Data Storage Encryption

Overview

Lakehouse supports server-side encryption (SSE) for table data stored in object storage, using the AES-256 encryption algorithm to ensure your data is securely protected at the storage layer.

You can choose to use cloud provider-managed keys or your own KMS keys for encryption, depending on your security and compliance requirements.

Encryption Modes

Lakehouse provides two encryption modes:

ModeDescription
Managed Encryption (Recommended)Uses managed keys provided by the cloud provider's object storage service for encryption, no additional configuration required
Custom KMS EncryptionUses your own KMS keys for encryption, requires providing KMS ARN (ID) and KMS Region

Encryption Scope

  • You can enable encryption uniformly at the workspace level. After enabling, newly created data objects within the workspace will be encrypted by default.
  • You can enable encryption for a workspace at any time. Enabling encryption will not affect existing tables in the workspace; it only applies encryption to newly created tables.

Usage

Enable Encryption When Creating a Workspace

  1. On the Create Workspace page, toggle on the "Storage Encryption" switch.

  2. If you wish to use managed encryption, leave the KMS ARN blank.

  3. If you wish to use a custom KMS key:

    • Enter your KMS key ARN.
    • Enter the KMS Region.

Adjust Encryption Settings When Modifying a Workspace

  • If the workspace does not use a custom KMS key, you can freely toggle the encryption switch on or off.
  • If the workspace already uses a custom KMS key, the encryption settings will be locked, and you cannot disable encryption or modify the key configuration.

Key Management

  • Each data object can only use one key during its lifecycle, and the key cannot be changed.
  • You can create multiple keys and select different keys when encrypting data objects in different workspaces.
  • After using a custom KMS key, the KMS ARN and KMS Region become read-only and cannot be modified.

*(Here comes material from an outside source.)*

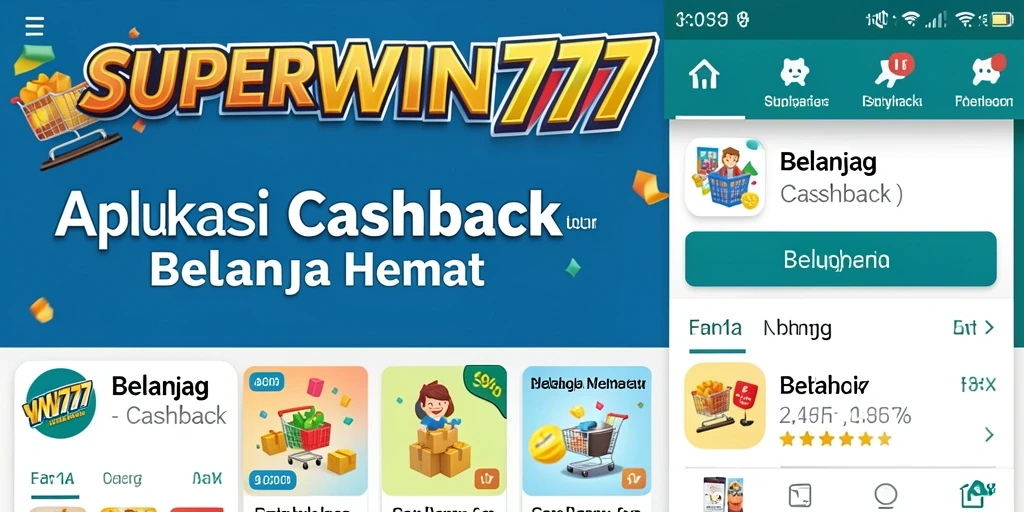 Antarmuka utama SUPERWIN777 yang menampilkan fitur Cashback baru.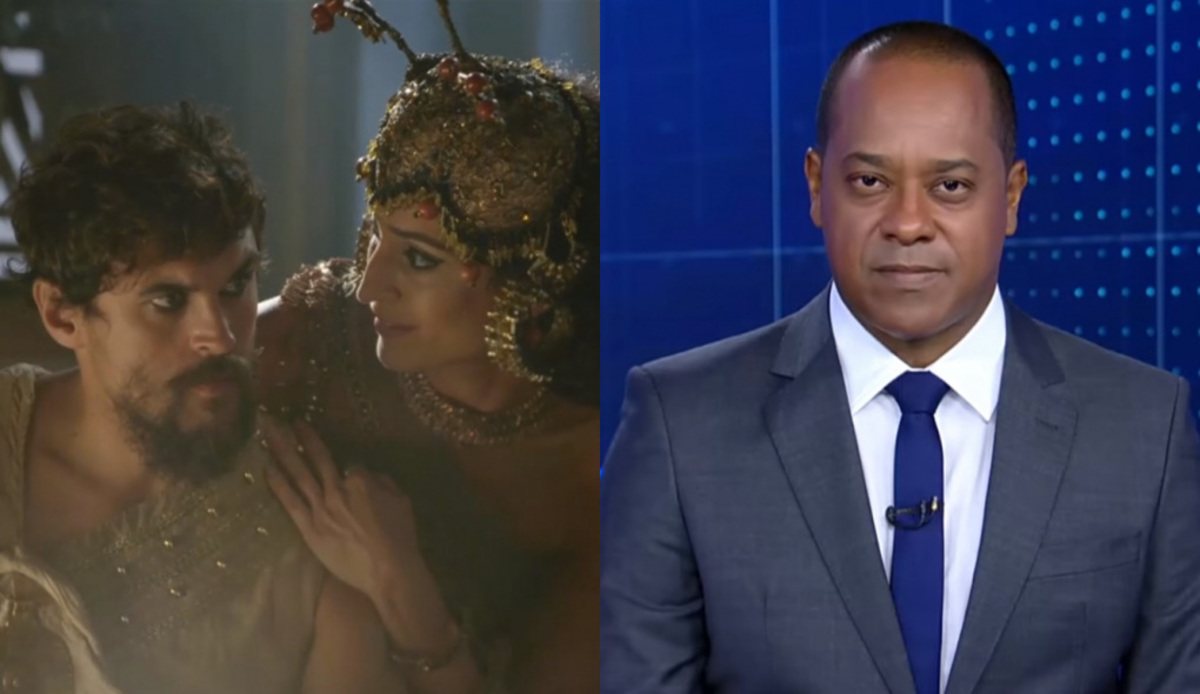Enlila (Maria Joana) e Ibbi-Sim (Felipe Roque) de Gênesis e Luiz Fara Monteiro no Jornal da Record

KMS Request Costs and Caching Mechanism

Since data warehouse scenarios involve frequent data reads and writes, using custom KMS keys can easily hit the QPS request limits of the cloud provider's KMS service and generate significant KMS API request costs. To address this, Lakehouse employs a key caching mechanism to reduce API calls to KMS, with a cache validity period of 5 minutes. This means that after a KMS key is revoked or becomes invalid, there is still a window of up to 5 minutes during which encrypted data can be read and written.

FAQ

Q: After enabling workspace encryption, will historical data be encrypted?

No. Enabling encryption only affects data objects created thereafter. Existing data is not affected.

Q: Can encryption be removed from an already encrypted table?

No. Table encryption operations are irreversible.

Q: Can custom KMS key configuration be modified after setup?

No. Once a custom KMS key is configured, neither the key information nor the encryption toggle can be modified.

Q: What if a custom KMS key is lost?

Please ensure you keep your custom KMS encryption keys secure. Once a key is lost, data encrypted with that key in Lakehouse will be permanently unreadable and unrecoverable.

Q: Does using custom KMS encryption incur additional costs?

Yes. Each data read/write requires calling the KMS API for encryption/decryption. Although Lakehouse reduces request frequency through a 5-minute key caching mechanism, significant KMS request costs may still be incurred in high-frequency read/write scenarios. These costs are incurred in the cloud account where your KMS key resides. It is recommended to prioritize managed encryption mode to avoid such costs.